On Ingrid Bergman

Ingrid Bergman died three years before I was born.

The only summer I worked at camp, “Bergie” was my camp name, and whenever I was asked about it I had to explain who Ingrid Bergman was, to gaggles of pre-teens who were more interested in Jonathan Taylor Thomas and Heath Ledger.

Sometime during eighth grade I began acting like the adolescent Ingrid I was reading about in Donald Spoto’s biography—meaning, I pretended I could act.

That year, I almost enrolled in German instead of French, because it was her mother’s native language.

My first email address was just the consonants in her name, at aol.com, a series of letters I could rattle off, omitting the vowels as if they were my own.

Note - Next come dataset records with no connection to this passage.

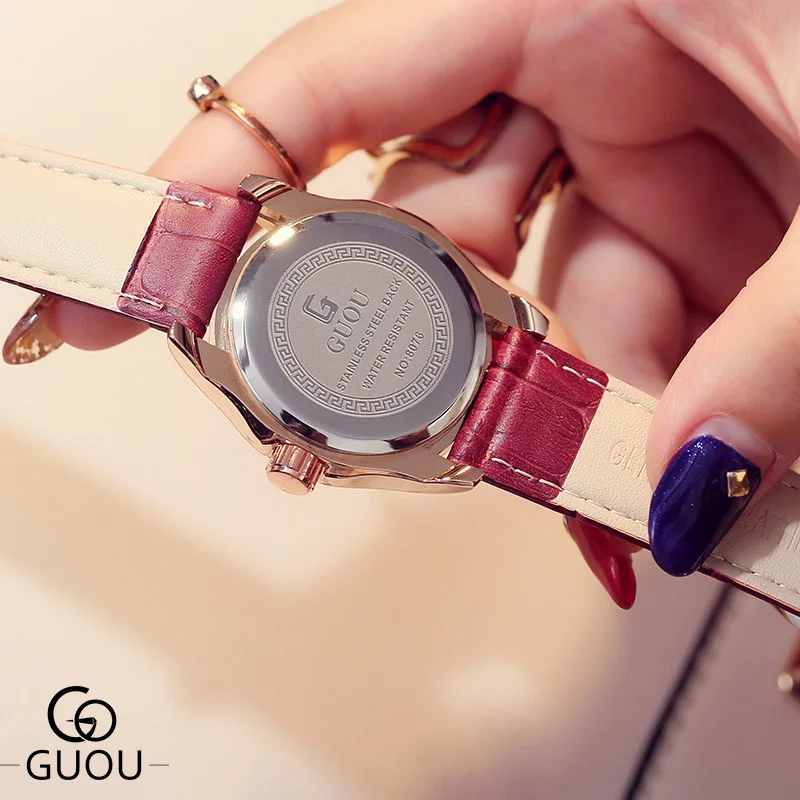 Женские Кварцевые Часы GUOU модные повседневные часы для отдыха с кожаным ремешком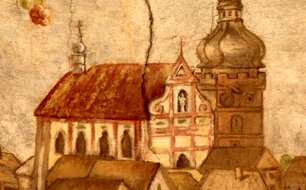Bor (okr. Tachov), kostel sv. Mikuláše, věž, zdroj: V. T. S. Schmidt,1746–1749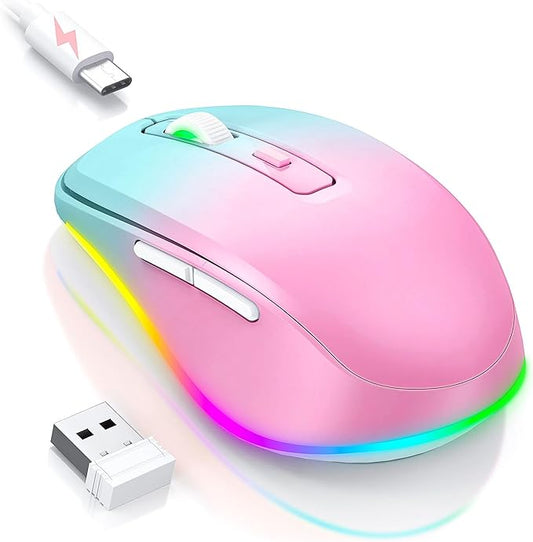 Wireless Mouse Jiggler - LED Wireless Mice with Build-in Mouse Jiggler Mover, Rechargeable Moving Mouse for Computer with Undetectable Random Movement Keeps Computer Awake - Gradient Pink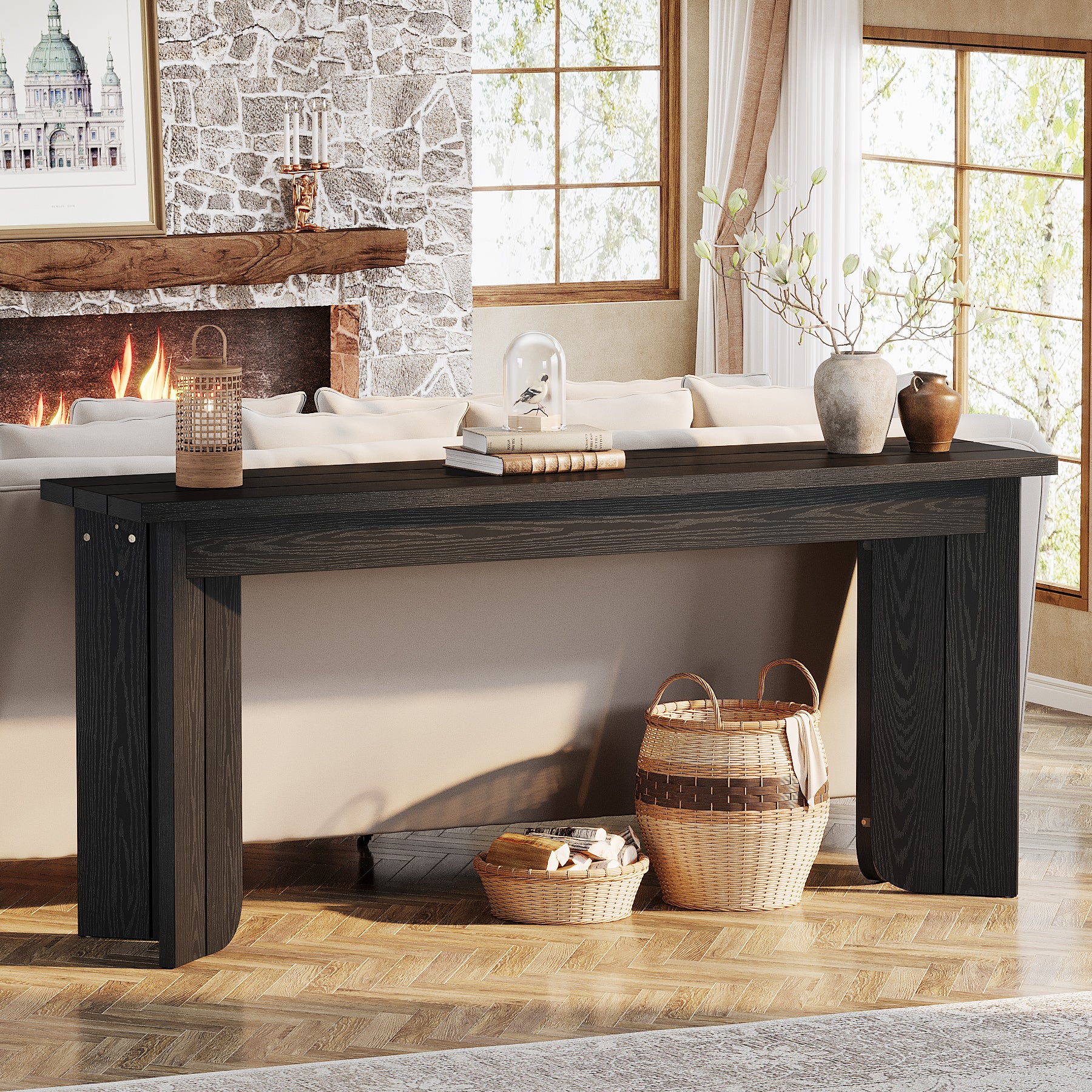 70.9" Console Table, Wood Sofa Table Hallway Table with Double Pedestal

I begged my father to tell me how “Casablanca” ended but he resolutely refused, and then he took me to see it on the big screen at the art house downtown. When I watched it again most recently I was stunned to realize how many of Ilse Lund’s patter is ingrained in my speech.

I have always wanted to be five-feet-nine-and-a-half inches tall. I have always wanted to have long, thin thighs. I have always wanted a longer, thinner nose. I have always wanted to tilt my head and smirk with some kind of secret Swedish generosity.

I signed up for my first museum internship in part because it was run by the Swedish Historical Society in my home town.

I recorded her scenes in “Cactus Flower” using the tape deck that was hooked up to the VCR in our basement, so that I could memorize her inflection in her character’s sarcastic comebacks. It was like learning a language phonetically, without learning the vocabulary words. I was in my twenties before I learned what “hung one on” meant.

I recognize Ingrid Bergman’s face in nearly the same way I recognize my grandmothers’ faces. She is my ancestor.

When I started a new job this week I went in search of a cactus to place on my desk, just like her character in “Cactus Flower.” I have done this at every job at which I’ve had my own desk. Whenever my cactus shoots off a little flower, I want to exclaim, “My cactus! It’s blooming!” In my head, I can hear her giggle, marveling at the way life blossoms.